Using the Yield in Example 3(a), however, we've traded away these pure FIFO queue semantics because we will also execute any new messages that arrive after we call Yield but before we completely drain the queue. This might seem innocuous at first; after all, it's usually just "as if" we had called Yield slightly later. But notice what happens in the worst case: If messages arrive quickly enough so that the queue never gets completely empty, the operation that yielded might never get control again; it could starve. Starvation is usually unlikely, because normally we don't give a thread more work than it can ever catch up with. But it can arise in practice in systems designed to always keep just enough work ready to keep a thread busy and avoid making it have to wait, and so by design the thread always has a little backlog of work ready to do and the queue stays in a small-but-not-empty steady state.
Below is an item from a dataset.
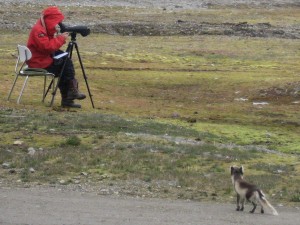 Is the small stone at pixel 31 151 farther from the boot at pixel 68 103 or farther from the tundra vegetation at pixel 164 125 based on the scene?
the boot at pixel 68 103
In that kind of situation, beware the possibility of starvation.

The simplest way to prevent this potential problem is to remember how many messages are in the queue and then pump only that many messages:


// Example 3(b): A Yield that pumps only the messages // that were already in the queue at the time it began // void Yield() { int n = queue.size(); while( n-- > 0 ) { // pump 'n' messages message = queue.Pop(); message->run(); } }

This avoids pumping newer messages that arrive during the Yield processing and usually guarantees progress (non-starvation) for the function that called Yield, as long as we avoid pathological cases where the nested messages Yield again. (Exercise for the reader: Instrument Yield to detect starvation due to nesting.)

Incidentally, note that once again we're applying the technique of taking a snapshot of the state of the system as it was when we began the operation, just like we did in Examples 1(b) and 2(c) where we took a copy of the items collection. In this case, thanks to the FIFO nature of the queue, we don't need to physically copy the queue; it's sufficient to remember just the number of items to pump.

Summary

Sometimes a thread has to interleave its work in order to stay responsive, and avoid blocking new time-sensitive requests that may arrive while it's already processing a longer but lower-priority operation.

There are two main ways to interleave: Option 1 is to use continuations, which means saving the operation's intermediate local state in an object on the heap and creating a new message containing "the rest of the work left to do," which gets inserted into the queue so that we can handle other messages and then pick up and resume the original work where we left off. Option 2 is to use cooperative multitasking and reentrancy by yielding to a function that will pump waiting messages; this yields simpler code and avoids some allocation and queueing overhead because the locals can stay on the stack where they already are, but it also allows deeper stack growth.

In both cases, remember: The issues of interleaving other work are really nasty and it's all too easy to get things wrong, especially when Yield calls are sprinkled around and make the program very hard to reason about locally. Always be careful to remember that the interleaved work could have side effects, and make sure the longer work is resilient to changes to the data it cares about. If we don't do that correctly and consistently, we'll expose ourselves to a class of subtle and timing-dependent surprises. Next month, we'll consider a way to avoid this class of problems by making sure the state of the system is valid at all times, even with partially done work outstanding. Stay tuned.

Notes

[1] H. Sutter. "Use Threads Correctly = Isolation + Asynchronous Messaging (Dr. Dobb's Digest, March 2009).

Acknowledgments

Thanks to Terry Crowley for his insightful comments on drafts of this article.